→ WHAT IS NEEDED
For the records below, please print exactly and only the lines from the one with "èֻapp-è v1.0.2 ֻ" down to the one with "ArcheAge 9.0 /", both ends included, omitting the pictures.

(RECORDS SUPPLIED begins)

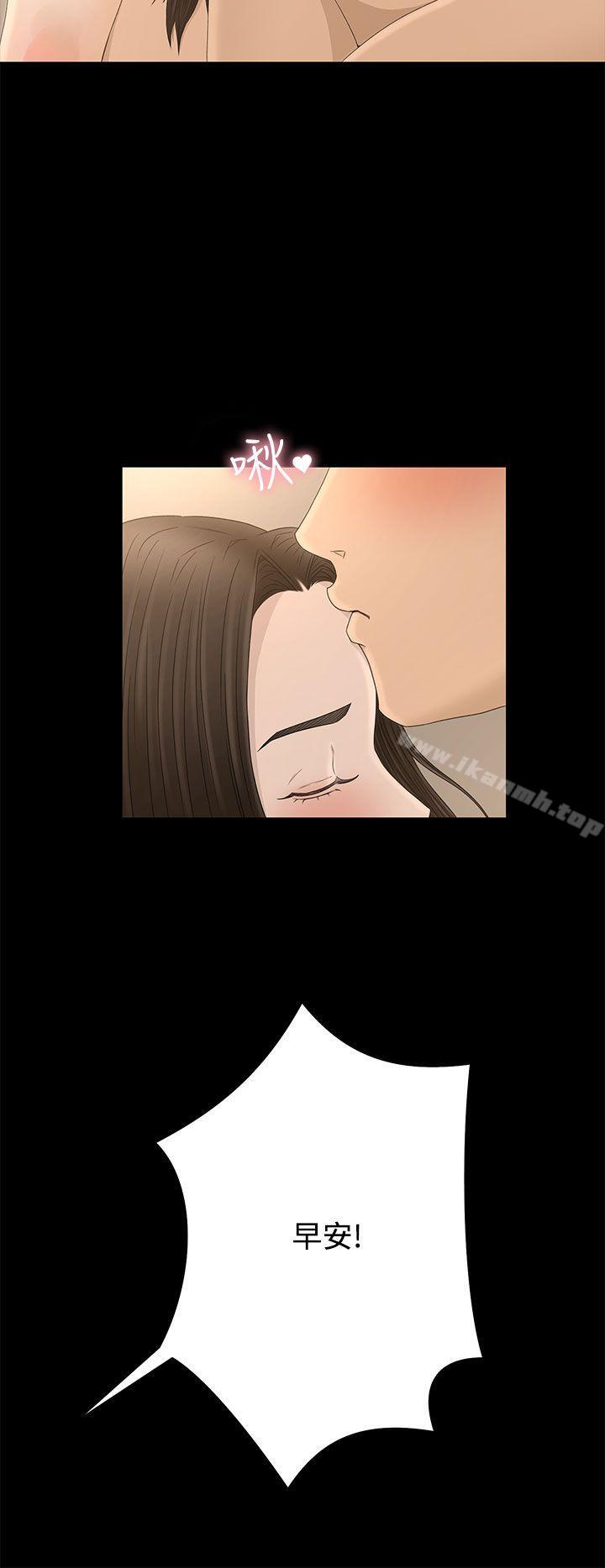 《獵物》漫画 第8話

(RECORDS SUPPLIED ends)
(RECORDS SUPPLIED begins)

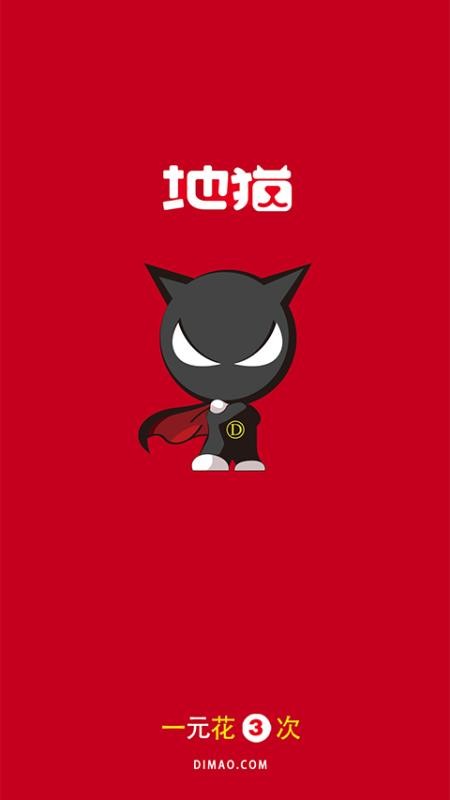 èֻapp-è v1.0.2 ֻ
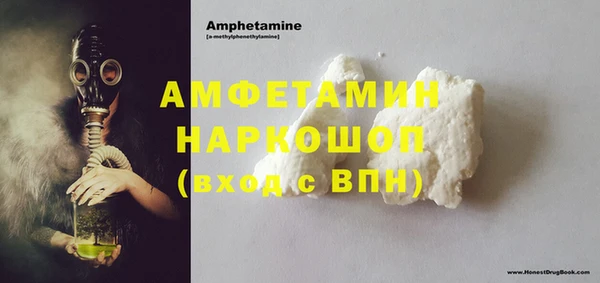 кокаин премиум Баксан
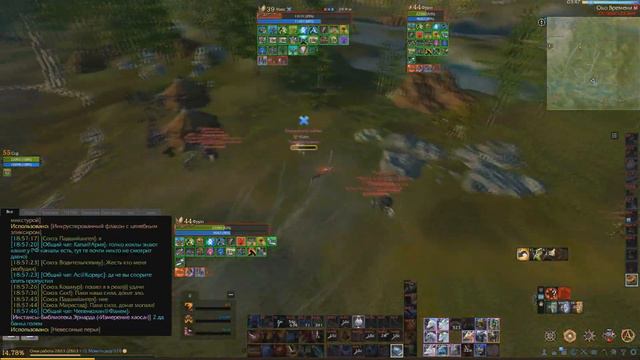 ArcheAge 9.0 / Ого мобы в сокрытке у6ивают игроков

(RECORDS SUPPLIED ends)

→ OUTPUT
 èֻapp-è v1.0.2 ֻ
 кокаин премиум Баксан
 ArcheAge 9.0 / Ого мобы в сокрытке у6ивают игроков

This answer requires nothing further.